Buraya kadar Can Manay'ın iyi şeyler yapmaya çalıştığını düşünebiliriz. Aslında roman, bunu düşünmemize izin vermez. Her fırsatta Manay'ın ne kadar ikiyüzlü olduğundan söz eder. Medyatik biri olduğu için bir gazeteci (Özge) Can Manay ’la röportaj yapmaya gider. Aslında röportajı yapacak olan gazeteci rahatsızlanmıştır. Özge onun yerine bu söyleşiyi yapar. Magazin ağırlıklı bir röportaj planlanmaktadır.
Manay, aynı zamanda aşırı derecede narsis biri olarak ele alınır. Herkese tepeden bakan biridir. Özge'ye de öyle bakar. Gazetecinin sorularını çok basit, bazen gereksiz ve saçma bulur. Bu durumdan rahatsız olan Özge bir süre sonra başka sorular sormaya başlar. Daha aklı başında sorular sorarak Manay'ı zorlar.
Sorularından biri de Manay'ın geçmişte psikolojik tedavi gördüğüyle ilgilidir. Bu konu önemlidir. Manay hayranlarını ilgilendiren önemli (oldukça önemli) bir sırdan söz edilecektir. Can Manay gibi birinin psikolojik tedavi (İlaçla tedavi) görmesi ilginç haberdir. Manay da bir tarihte (Bu tarih romanda yani ilk kitapta açıklanmaz) hastalanmış, tedavisini Eti adında bir doktor yapmıştır. Eti, Manay'ın içindeki pislikleri (Olumsuz duyguları) ilaçla tedavi etmek zorunda kalmıştır. Başarılı olmuş mudur? Hayır. Manay daha sonra tekrar çöküşe geçecektir.

Manay'ın en önemli sırrı budur.

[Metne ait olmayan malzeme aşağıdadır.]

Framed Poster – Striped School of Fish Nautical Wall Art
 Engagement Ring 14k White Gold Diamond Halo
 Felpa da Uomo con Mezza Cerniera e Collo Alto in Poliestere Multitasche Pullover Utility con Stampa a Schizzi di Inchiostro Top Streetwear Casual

Bu sırrın etrafında başka sırlar da olduğu ima edilir. Roman boyunca  sır açıklanmaz. İkinci kitap olan Pi’de de açıklanmayacaktır. Söz konusu sırrın, okuru romana bağlamak (diğer romanlara ilgi uyandırmak)  için açıklanmadığı belli.  Ancak bu durum okura, “bu kadar da olmaz” dedirtmeye başlayacaktır.  Araya reklamlar girecektir.  “Çatlama cesareti gösteren tohumların cesaretine” ulaşmak için ikinci kitabı da okumak gerekecektir. Ama yetmez. Sırada üçüncü kitap vardır. Kişisel gelişim romanın bilgisini hayatınıza uygulayabilmek için üç kitabı da bitirmeniz istenecektir.